Friday, October 13, 2006

DITA and the Dublin Core

One of the challenges that we are going to face in this metadata project is the mapping of the DITA schema to the document metadata schema that we choose to implement (let’s call it Industry Schema).

We have a Technical Writer who is eager to introduce a content reuse policy (something very much in line with my own objectives) and would like to use a metadata architecture called the Darwin Information Typing Architecture (DITA) to do it. It’s basically an XML-based architecture that helps organisations create technical publications without having to recreate content. If you want to more, there is a pretty good Wikipedia entry on DITA and you could check out the DITA section of the Oasis website, the organisation now responsible for its maintenance (it started out as an IBM architecture).

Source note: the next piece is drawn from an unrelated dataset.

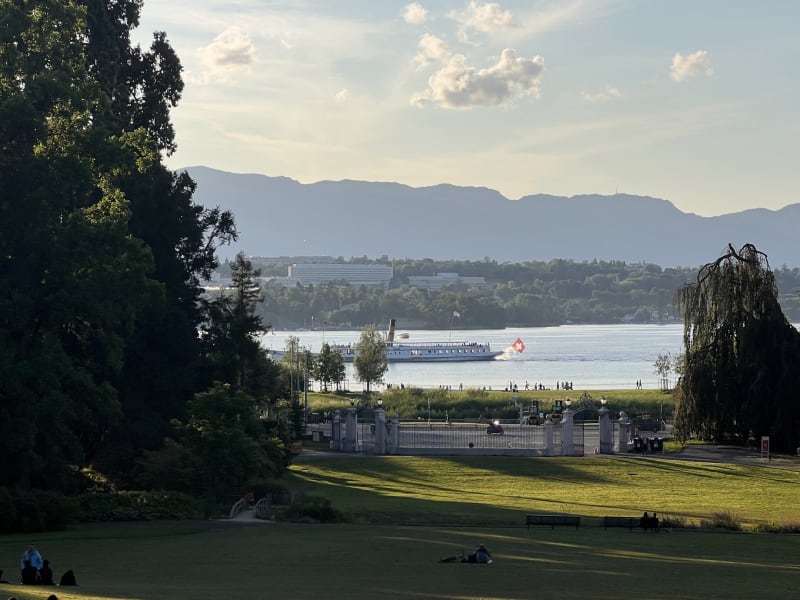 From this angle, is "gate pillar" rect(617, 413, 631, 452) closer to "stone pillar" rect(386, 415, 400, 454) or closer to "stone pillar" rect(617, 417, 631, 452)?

My problem with using only this architecture is that when it comes time to create a composite document, how you know which bits of metadata should be used to describe the document? For example, it is entirely possible that each fragment has a different Subject and Creator. When assigning these elements of metadata to the composite document, I wouldn’t use any of the Creators as the Creator for the document nor would I use all of them – they would now be considered Contributors (at least in the Dublin Core Metadata Standard) and the Creator would be (I suppose) the organisation. As for the Subject, clearly a combination of individual components about certain concepts, when pulled together, do not make up a document that is about all of those separate concepts. So we need a document level metadata schema – enter Industry Schema.

I’m thinking that by creating a document that maps the Industry Schema to the DITA Document Type Definition (DTD) that we use, we can populate the DITA architecture based on the metadata associated with the original document.

When it comes time to catalogue a composite document, we will have to do so from scratch. This isn’t the end of the world; we’d have to do so if we weren’t using DITA to create composite documents so it isn’t like we have to do more. I just can’t help but think that the DITA metadata could be used to inform the Industry Schema metadata that we choose to assign. Is there a tool that we could use?

There is no doubt an article in here somewhere on the use and application of metadata at different levels of content granularity (document versus segment in this case). I would really like to speak to someone who has done this before…